What is the basic operation of pandas Series.factorize() function?


The pandas Series.factorize() method is used to encode the series object as an enumerated type or categorical variable. This method generates the numeric representation of the series data.

The output of this Series.factorize() method is a tuple and it has two elements one is indicating codes and another element indicates uniques.

Example 1

In the following example, we will see how the series.factorize() method encodes the elements of the series object.
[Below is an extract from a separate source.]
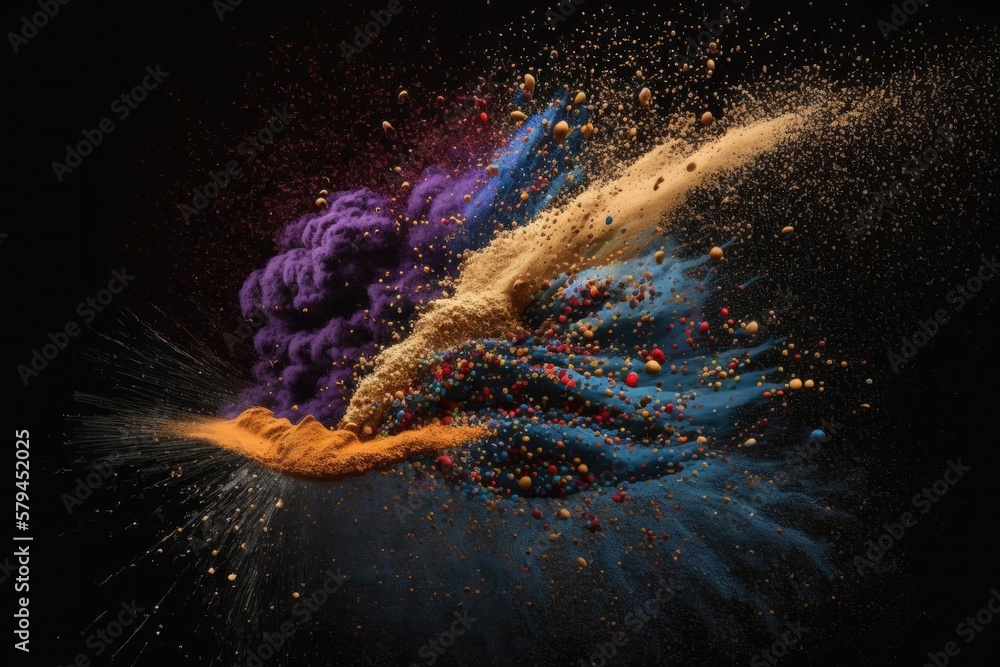 Poster spices exploding in slow motion, a psychedelic, abstract, and delicious background for your next mea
# importing pandas package
import pandas as pd

# create a series
s = pd.Series({'A':"aa", 'B':"bb", "C":"cc"})
print(s)

result = s.factorize()
print(result)

Explanation

Here the series object is created by using a python dictionary.

Output

The output is given below −

A    aa
B    bb
C    cc
dtype: object
(array([0, 1, 2], dtype=int32), Index(['aa', 'bb', 'cc'], dtype='object'))

In the output, we can see that the Series.factorize() function has successfully encoded the data of the series object “s”.

Example 2

In the following example, we will see how the series.factorize() method encodes the elements of series with missing values.

# importing pandas package
import pandas as pd

# create a series
s = pd.Series([70, 52, None, 79, 34,], index= list('ijklm'))
print(s)

result = s.factorize()
print(result)

Output

The output is given below −

i    70.0
j    52.0
k     NaN
l    79.0
m    34.0
dtype: float64

(array([ 0, 1, -1, 2, 3], dtype=int32), Float64Index([70.0, 52.0, 79.0, 34.0], dtype='float64'))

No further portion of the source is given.